But at that point this has nothing to do with Go or C++, and I find this whole discussion rather disingenuous (at first I thought you were detailing the maturity of C(++) compilers and their superior support of auto-vectorization, which would be a reasonable angle): You can import the Intel math libraries and call them from Go (I know, as I do it regularly. See my submissions).

1 comments

No, it doesn't. I tried to make that point too, but perhaps it didn't come across very clearly. For these kind of tight inner loops a language only ever gets in the way, the difference is really only how difficult it is to get rid of the conveniences you don't want. (The much vaunted zero-cost of features you don't use in C++ lingo I guess)

I still think that a systems programming language need to offer escape hatches, whilst striving towards ease of use in the common case. C++ has plenty of hatches, at the cost of horrific complexity.
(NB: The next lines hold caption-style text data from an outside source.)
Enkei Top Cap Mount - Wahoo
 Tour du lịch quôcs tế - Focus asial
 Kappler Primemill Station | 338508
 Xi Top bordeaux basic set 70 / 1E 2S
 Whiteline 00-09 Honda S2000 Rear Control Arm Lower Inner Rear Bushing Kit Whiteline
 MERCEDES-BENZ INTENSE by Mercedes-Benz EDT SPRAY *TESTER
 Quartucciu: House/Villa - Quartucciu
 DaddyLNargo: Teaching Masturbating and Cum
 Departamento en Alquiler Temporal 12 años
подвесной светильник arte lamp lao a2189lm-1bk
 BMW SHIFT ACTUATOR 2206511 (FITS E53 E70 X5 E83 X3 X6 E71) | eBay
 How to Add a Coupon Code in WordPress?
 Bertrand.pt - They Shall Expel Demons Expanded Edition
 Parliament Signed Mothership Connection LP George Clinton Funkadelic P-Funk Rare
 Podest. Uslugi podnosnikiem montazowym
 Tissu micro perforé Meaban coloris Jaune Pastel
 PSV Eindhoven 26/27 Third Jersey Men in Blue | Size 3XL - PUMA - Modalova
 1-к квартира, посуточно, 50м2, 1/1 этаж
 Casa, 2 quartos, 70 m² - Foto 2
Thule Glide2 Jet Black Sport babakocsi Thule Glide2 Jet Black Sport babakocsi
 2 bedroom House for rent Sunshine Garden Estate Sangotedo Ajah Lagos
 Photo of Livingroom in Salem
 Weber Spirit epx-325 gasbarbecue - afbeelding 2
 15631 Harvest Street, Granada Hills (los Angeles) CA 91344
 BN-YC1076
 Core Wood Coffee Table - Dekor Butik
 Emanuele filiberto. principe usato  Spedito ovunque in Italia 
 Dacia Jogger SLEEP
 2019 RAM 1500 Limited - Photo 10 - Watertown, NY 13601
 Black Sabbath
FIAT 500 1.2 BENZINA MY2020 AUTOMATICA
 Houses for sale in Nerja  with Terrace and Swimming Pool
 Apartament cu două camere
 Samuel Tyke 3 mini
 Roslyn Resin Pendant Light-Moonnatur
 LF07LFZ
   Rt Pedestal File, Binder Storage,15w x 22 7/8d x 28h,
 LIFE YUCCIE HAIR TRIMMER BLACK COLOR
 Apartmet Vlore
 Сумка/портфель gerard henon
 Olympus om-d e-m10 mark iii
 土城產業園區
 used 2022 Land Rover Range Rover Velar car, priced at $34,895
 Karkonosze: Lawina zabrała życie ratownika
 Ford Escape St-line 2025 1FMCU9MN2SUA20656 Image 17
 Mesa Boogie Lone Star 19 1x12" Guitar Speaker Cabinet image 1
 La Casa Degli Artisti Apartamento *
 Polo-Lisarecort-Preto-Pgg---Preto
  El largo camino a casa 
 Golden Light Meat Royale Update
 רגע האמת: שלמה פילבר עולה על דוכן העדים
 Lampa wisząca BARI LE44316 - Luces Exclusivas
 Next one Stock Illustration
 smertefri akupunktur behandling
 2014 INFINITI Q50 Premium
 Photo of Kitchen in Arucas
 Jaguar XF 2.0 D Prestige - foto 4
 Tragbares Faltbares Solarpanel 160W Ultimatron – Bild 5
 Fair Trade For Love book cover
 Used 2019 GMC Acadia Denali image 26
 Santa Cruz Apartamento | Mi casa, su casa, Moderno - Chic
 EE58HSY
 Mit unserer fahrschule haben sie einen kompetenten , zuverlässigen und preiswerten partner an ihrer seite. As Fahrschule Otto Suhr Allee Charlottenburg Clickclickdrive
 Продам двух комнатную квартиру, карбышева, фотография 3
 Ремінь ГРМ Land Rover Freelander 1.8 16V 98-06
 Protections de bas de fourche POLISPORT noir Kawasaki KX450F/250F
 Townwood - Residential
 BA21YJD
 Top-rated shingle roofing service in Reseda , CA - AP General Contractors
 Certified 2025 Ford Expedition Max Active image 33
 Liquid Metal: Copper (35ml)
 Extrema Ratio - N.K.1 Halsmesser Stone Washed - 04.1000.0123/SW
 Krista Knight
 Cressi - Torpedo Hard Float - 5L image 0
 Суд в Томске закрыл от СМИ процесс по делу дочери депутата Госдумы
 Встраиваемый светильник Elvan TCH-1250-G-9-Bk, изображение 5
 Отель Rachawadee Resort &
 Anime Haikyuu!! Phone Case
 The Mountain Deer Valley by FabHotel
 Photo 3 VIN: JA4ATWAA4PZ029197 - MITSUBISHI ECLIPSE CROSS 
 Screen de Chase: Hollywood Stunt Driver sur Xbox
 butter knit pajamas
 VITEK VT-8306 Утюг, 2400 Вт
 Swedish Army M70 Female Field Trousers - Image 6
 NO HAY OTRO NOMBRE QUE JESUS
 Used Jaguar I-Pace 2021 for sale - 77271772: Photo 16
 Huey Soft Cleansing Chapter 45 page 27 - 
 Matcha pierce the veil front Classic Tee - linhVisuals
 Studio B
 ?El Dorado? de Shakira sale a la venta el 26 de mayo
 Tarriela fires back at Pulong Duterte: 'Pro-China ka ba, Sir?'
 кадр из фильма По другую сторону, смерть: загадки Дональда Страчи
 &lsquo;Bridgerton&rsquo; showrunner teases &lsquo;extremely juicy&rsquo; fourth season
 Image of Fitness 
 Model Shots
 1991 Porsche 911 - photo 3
But suppose I'm willing to pay the cost of writing my code in 5 different code paths for different processors for that extra 2-4x of performance. Very few languages offer that possibility, and most of those who do only offer to call a C library. I'm the guy stuck writing the Intel math libraries of the world, and I want something more reasonable to do it in.

The point that corresation is making is that none of the optimizations you did had anything to do with C++. You could have easily done them for the Go version, but you didn't. Then you put up a chart and said "this is why C++ is better." Huh?